Uno dei punti forti della band è senz’altro la capacità di scrivere degli anthem liberatori, quelli dai quali non ci si può esimere dal cantarli con le braccia tese al cielo, ma allo stesso tempo credibili, lontani da facili slogan. È il caso di “Tempi bui”, ispirata – come annunciato da un Federico Dragogna più loquace del solito – da un certo “cantautore” di nome Bertolt Brecht, e soprattutto di “Noi fuori”. Vera e propria dichiarazione d’intenti, di radici e di visione del mondo della band e del proprio pubblico, è il brano che più di tutti si candida a diventare un inno generazionale, gridato all’unisono da un grande noi. Dopo il consueto siparietto che vede, nell’ordine, uscita di scena, acclamazione del pubblico e ritorno per i brani conclusivi, arriva un’altra chicca. Si tratta di “Vicenza (La voglio anch’io una base a)”, brano contorto, corrosivo, grezzo e politico, che il gruppo non è solito riproporre dal vivo, ma che è oro colato per chiunque sogni una scaletta basata sul vecchio repertorio. La chiusura è affidata ad un poker che rappresenta un ottovolante emozionale: la sofferta “Il bel canto” – con i consueti stage diving e surf sulla folla da parte di Davide Autelitano – seguita dal nuovo classico “Io sono fatto di neve”, brano “da accendini” tra i più amati di Cultura Generale, e dal punk socialmente connotato di “Diritto al tetto”.

Come da abitudine, il concerto si chiude con “Abituarsi alla fine”, un vero e proprio hapax legomenon nella discografia della band: oscuro e disperato come nessun altro brano dei Ministri. Dal vivo ogni suo aspetto viene accentuato, per raggiungere picchi di emotività impressionanti. Da vivere, più che da guardare.

Tirando le somme, è doveroso sottolineare che, sia sotto un’ottica esclusivamente tecnica, sia per quanto riguarda il carisma e la presenza scenica, i Ministri sono una band pronta a calcare palchi importanti. Si contano sulle dita di una mano gli artisti che, in tempi recenti, sono riusciti a costruirsi una carriera (e una grande fanbase) con i tour, con la gavetta, con il sudore, senza – o con pochissimi – compromessi.

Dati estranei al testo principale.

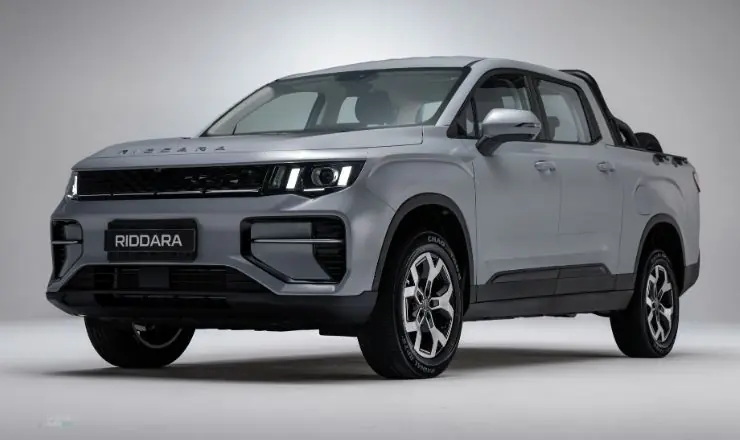 GEELY RIDDARA MAROC SIAM 2026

Va anche considerato che il rock dei Ministri, malgrado sia ammorbidito rispetto agli esordi, è lontano dai canoni radiofonici, ma anche da certe derive cantautorali che vanno di moda tra il pubblico indie (e sul pubblico dei Ministri e la sua singolarità si potrebbe aprire un capitolo a parte, ma questa è un’altra storia). In ogni caso, in sede live ancora più che su disco i Nostri dimostrano che dire “rock italiano” è ancora credibile e non deturpa il significato stesso del lemma anglofono. Siamo davanti a una band che, riuscendo a scollarsi di dosso l’etichetta di emergente, è finalmente emersa.